FIFA Debut Game AI Sepak Bola 4v4, Karakternya Bakal Dicetak Jadi NFT!

FIFA Debut Game AI Sepak Bola 4v4, Karakternya Bakal Dicetak Jadi NFT!

Selasa, 4 April 2023, FIFA resmi meluncurkan versi beta dari World Cup AI League, sebuah game strategi sepak bola 4v4 yang memanfaatkan kecerdasan buatan (AI) untuk karakter, kosmetik, dan elemen-elemen permainannya.

Seperti apa game yang diluncurkan oleh FIFA tersebut? Simak berita lengkapnya berikut ini!

Seperti Apa Game AI League FIFA Versi Beta?

Dikembangkan oleh studio game Altered State Machine, AI League digambarkan sebagai permainan sepak bola kasual 4v4, yang dimainkan antara karakter yang dikendalikan oleh AI.

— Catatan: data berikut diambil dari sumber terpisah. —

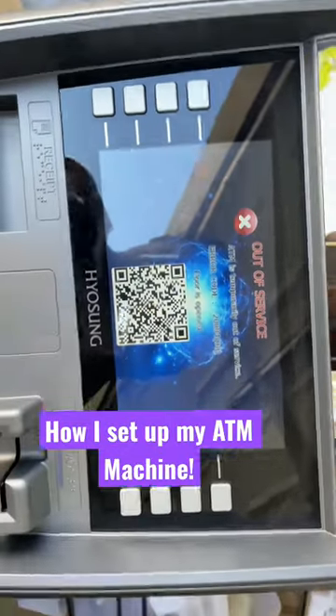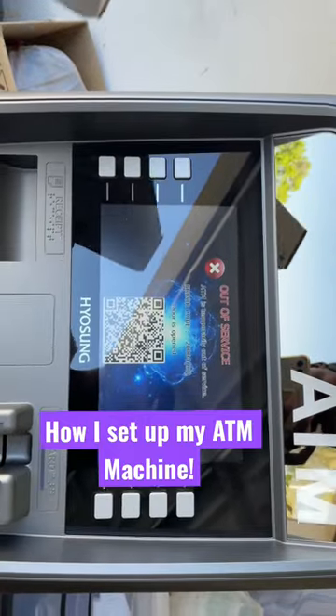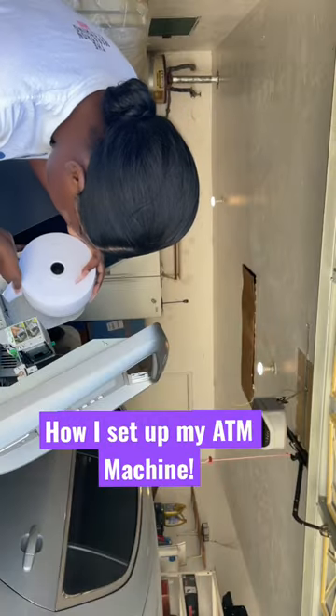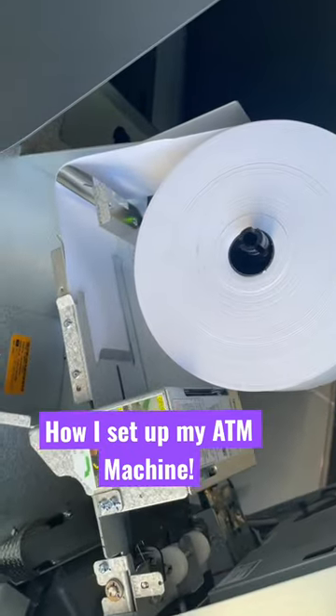That's what this appointment is for — to program the machine. I have to set up the wireless internet and then take it to the location. Just unscrew this so it goes around the back. The receipt paper is now connected.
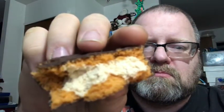That's an interesting smell. Very caramel colored.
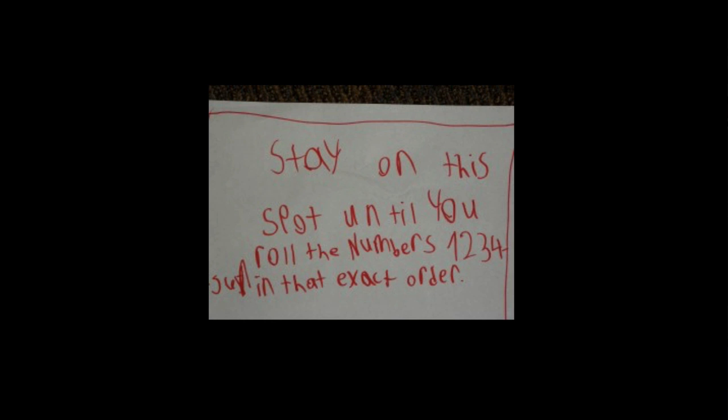They get even more creative. For example: 'Stay on this spot until you roll the numbers one, two, three, four in that exact order.' So they can get really creative and sometimes make things quite difficult. You might even get some complaints from kids who land on the really difficult game pieces.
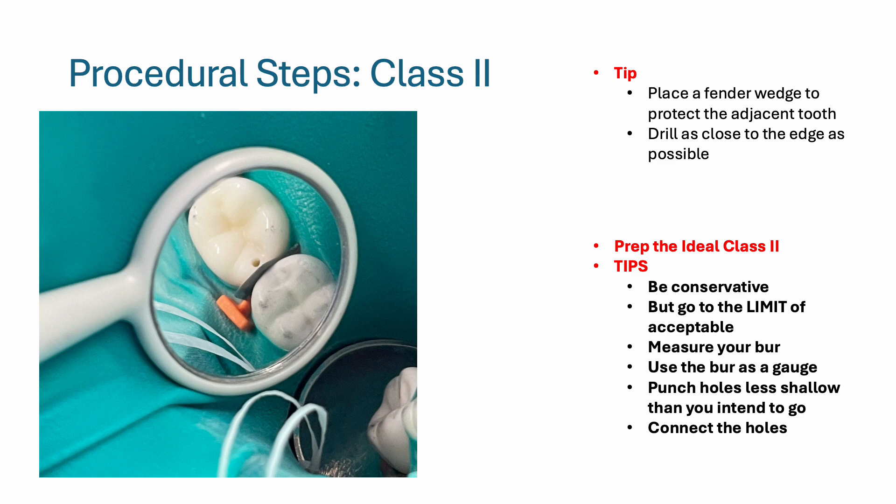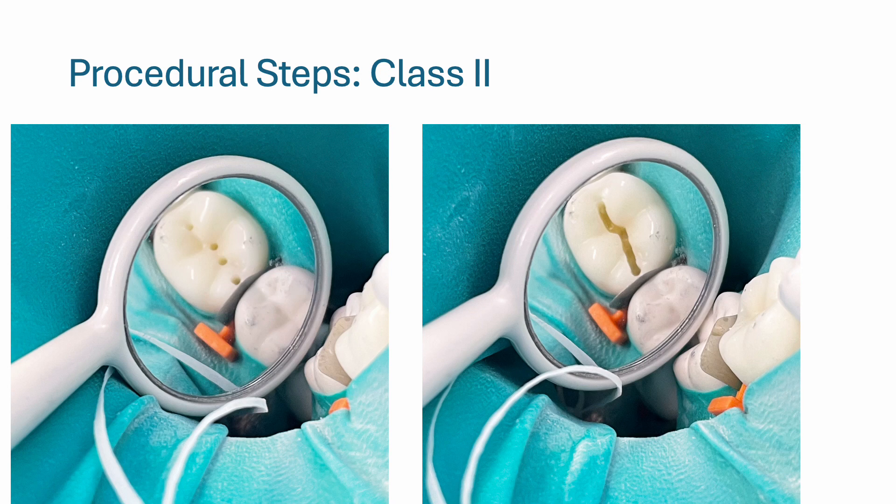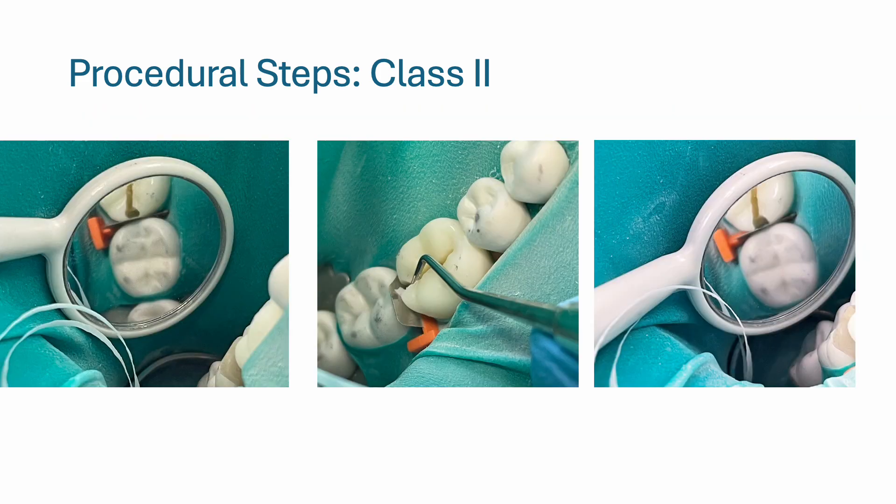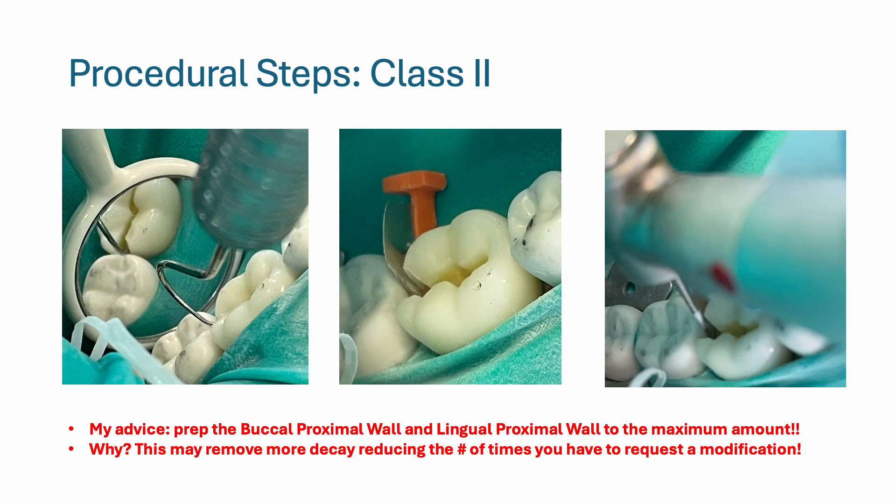Punch holes that are less shallow than you intend to go, because when you connect the holes you'll end up drilling a little deeper. You can always drill deeper later. I recommend first punching one-millimeter holes along the occlusal and three millimeters right next to the fender wedge. Use your perio probe to measure. I left a paper-thin shell of enamel on the distal, then used a spoon excavator to break it to avoid nicking the adjacent tooth. Once you break contact, I recommend using a flame-end diamond bur to refine the buccal proximal wall and lingual proximal wall.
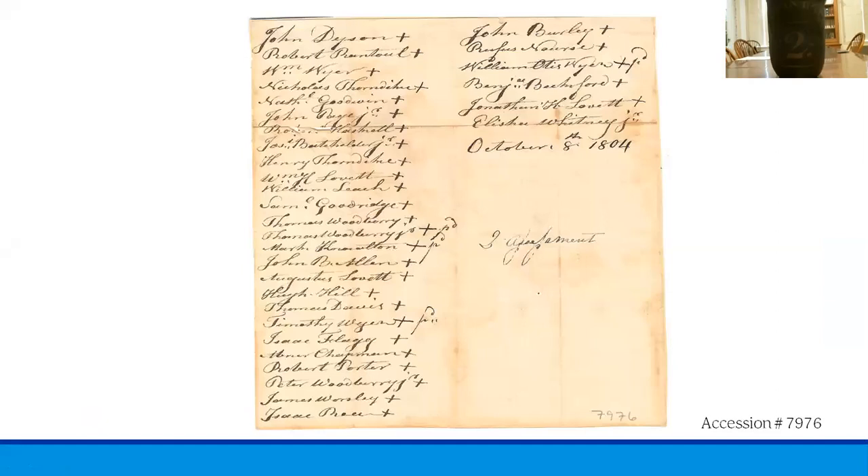Next we see the 1804 roster for the Beverly Union Fire Society. You'll probably recognize a lot of the names here. It consisted of 32 men when it was initially formed, but over time ranks swelled to well over a hundred individuals. You'll note that next to most names there is a little mark indicating that they had paid their dues.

Pemain bertindak sebagai pelatih dan pemilik tim AI mereka, dengan setiap pemain AI diberikan sifat AI unik yang menentukan kekuatan dan kelemahan mereka. Para pemain dapat mengumpulkan dan menukar karakter untuk membuat tim dengan kombinasi bakat favorit.

Baca Juga: 5 Game NFT Terbaru Ini Masih Populer di 2023?

“Tim kami telah bekerja tanpa henti untuk mencapai peluncuran Open Beta AI League. Kami tidak sabar menunggu game ini sampai ke tangan lebih banyak pemain, dan kami berharap mereka menikmati permainan ini seperti halnya kami menikmati proses pembuatannya,” kata Aaron McDonald, salah satu pendiri Altered State Machine dan salah satu founder dan CEO Futureverse.

“Misi kami adalah membawa para gamer kasual ke dalam dunia game AI di Metaverse, dan dengan AI League FIFA, kami membuka peluang baru yang unik bagi para penggemar sepak bola di seluruh dunia untuk berinteraksi dengan olahraga favorit mereka,” tambahnya.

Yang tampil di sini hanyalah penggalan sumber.